HTML -> EPUB Converter
This wiki page is for discussing the design of the html -> epub converter. The main design goals:
Design Goals
- Recursive: Must follow all local links in the HTML file to a user controllable depth
- Rationalize font sizes: The user should be able to rescale font sizes by specifying a new base font size.
- Auto detect chapters: Detection should be arbitrarily powerful (based on !XPath). Actions based on detection should include inserting page breaks (or ruled lines) and automatically adding to the TOC.
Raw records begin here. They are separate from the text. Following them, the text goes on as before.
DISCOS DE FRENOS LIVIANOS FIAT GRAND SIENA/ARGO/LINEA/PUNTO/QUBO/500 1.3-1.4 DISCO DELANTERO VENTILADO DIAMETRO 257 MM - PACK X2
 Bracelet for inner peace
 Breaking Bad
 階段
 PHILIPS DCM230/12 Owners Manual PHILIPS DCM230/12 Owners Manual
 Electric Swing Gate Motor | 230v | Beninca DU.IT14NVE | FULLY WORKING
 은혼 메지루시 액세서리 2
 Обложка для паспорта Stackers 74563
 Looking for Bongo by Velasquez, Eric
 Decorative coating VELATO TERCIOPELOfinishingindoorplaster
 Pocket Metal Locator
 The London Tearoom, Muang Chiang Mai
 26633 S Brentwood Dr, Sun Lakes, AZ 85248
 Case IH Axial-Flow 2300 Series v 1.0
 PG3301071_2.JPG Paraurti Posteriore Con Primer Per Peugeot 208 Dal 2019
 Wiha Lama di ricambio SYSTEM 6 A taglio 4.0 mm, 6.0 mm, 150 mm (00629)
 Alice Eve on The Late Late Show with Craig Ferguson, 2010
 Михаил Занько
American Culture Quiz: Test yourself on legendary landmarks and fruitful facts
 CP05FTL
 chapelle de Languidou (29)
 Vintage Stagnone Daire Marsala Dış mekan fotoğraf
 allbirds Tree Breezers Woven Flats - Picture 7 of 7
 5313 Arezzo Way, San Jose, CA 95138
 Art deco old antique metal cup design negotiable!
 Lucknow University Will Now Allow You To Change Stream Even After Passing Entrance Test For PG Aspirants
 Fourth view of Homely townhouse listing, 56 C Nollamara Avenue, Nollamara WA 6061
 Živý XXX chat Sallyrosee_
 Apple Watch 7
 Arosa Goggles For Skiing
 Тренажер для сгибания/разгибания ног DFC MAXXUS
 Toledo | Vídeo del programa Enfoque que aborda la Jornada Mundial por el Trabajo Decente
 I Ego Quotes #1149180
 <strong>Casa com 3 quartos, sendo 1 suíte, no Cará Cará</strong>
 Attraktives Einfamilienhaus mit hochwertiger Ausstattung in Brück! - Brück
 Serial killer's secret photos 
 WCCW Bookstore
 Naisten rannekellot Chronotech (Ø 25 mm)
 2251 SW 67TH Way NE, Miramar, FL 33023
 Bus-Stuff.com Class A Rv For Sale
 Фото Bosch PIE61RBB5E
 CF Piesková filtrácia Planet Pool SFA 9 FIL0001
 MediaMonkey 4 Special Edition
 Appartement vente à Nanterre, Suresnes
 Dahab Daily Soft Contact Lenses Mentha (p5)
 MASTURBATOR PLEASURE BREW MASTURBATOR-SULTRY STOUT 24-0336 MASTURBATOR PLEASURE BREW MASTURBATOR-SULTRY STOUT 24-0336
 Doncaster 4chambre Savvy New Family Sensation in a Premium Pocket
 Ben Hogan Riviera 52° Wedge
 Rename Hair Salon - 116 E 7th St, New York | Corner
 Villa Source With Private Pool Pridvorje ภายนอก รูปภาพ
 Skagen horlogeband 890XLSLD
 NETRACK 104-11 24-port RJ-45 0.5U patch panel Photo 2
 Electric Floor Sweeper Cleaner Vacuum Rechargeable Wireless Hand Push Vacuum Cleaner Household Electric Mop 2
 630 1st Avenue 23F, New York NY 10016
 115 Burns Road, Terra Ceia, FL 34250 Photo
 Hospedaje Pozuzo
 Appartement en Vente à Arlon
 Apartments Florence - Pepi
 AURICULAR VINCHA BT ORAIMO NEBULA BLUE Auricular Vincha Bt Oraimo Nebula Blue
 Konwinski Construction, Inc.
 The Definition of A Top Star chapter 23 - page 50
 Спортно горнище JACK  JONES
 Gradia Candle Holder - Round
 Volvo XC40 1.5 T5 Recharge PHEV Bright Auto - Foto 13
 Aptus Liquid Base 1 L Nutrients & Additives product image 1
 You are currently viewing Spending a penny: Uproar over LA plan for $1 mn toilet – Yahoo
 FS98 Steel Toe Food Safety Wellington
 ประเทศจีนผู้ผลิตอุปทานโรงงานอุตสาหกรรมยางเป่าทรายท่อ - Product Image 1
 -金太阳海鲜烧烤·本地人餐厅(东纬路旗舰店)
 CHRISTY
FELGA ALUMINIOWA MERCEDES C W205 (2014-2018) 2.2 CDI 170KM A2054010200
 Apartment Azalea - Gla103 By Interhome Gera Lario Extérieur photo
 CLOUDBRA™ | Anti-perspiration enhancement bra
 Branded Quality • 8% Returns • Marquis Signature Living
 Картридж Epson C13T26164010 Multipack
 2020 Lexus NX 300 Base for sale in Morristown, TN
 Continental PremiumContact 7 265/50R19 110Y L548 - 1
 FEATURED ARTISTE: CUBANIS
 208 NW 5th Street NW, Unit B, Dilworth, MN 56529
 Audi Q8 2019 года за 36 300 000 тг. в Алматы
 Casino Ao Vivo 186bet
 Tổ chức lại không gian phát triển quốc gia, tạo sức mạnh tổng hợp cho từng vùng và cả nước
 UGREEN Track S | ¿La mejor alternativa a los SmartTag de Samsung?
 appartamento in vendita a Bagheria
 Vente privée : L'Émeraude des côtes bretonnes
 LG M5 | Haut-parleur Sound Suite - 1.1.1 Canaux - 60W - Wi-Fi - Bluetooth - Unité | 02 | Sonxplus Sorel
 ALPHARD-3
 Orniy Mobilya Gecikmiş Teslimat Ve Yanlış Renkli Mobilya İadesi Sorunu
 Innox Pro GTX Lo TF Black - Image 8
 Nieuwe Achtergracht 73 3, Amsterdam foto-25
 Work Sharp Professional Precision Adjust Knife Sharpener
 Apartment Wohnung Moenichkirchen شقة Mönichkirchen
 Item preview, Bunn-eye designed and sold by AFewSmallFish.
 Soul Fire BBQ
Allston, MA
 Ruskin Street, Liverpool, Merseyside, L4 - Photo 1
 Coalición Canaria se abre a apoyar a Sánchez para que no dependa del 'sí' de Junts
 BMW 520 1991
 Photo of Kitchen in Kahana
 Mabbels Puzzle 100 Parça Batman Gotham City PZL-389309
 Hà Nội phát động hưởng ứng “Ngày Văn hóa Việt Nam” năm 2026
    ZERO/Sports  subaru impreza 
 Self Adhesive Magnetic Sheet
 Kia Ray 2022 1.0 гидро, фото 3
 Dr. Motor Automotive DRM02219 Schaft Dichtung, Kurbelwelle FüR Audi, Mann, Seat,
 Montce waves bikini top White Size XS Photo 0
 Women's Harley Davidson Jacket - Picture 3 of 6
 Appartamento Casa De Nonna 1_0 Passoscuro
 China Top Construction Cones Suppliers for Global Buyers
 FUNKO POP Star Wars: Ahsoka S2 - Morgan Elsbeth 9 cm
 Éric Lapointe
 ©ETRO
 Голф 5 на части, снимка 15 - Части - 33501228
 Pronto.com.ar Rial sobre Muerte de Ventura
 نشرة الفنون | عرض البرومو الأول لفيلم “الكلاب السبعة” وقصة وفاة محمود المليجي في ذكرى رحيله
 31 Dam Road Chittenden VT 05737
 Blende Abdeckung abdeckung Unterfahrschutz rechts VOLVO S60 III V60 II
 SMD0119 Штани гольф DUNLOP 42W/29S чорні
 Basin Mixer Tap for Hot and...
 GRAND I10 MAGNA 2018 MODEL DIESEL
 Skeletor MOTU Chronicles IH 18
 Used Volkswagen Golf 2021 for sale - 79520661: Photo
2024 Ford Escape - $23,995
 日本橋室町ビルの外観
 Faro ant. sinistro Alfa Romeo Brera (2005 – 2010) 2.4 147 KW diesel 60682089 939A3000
- Should be capable of serving as the backend for epub2epub
- Should convert pixel based lengths to pts using a user specified DPI
- Should have convenience methods for setting margins and line spacing rather than forcing the user to use --override-css
- Should be written in an as epub independent way as possible so that most of the code can be re-used for html2mobi or other formats. Basically, the HTML traversal code should be output format neutral.
- Should have an option to split up an HTML file into individual chapter files (duplicating the nesting structure) to handle the limitations of DE.
Discussion
Feel free to add your suggestion to this area. If I like them, I'll move them up to Design Goals.
- Accept a list of files and package them with a TOC, regardless of any links between them. (This is implied by the requirement of being able to server as the backed for epub2epub (since epub is basically a list of files with a TOC).
- Interesting use-case: http://www.huxley.net/bnw/index.html
The page contains the first chapter, with links to pages with the other chapters. There is no pattern to the chapter URL's. I can either let the tool crawl the page and figure things out, or download the chapters myself and order them for the tool. (By default it will add all links on the first HTML file it crawls to the TOC, so this case should be handled pretty seamlessly. You can also manually control what goes into the TOC by creating a OPF file.)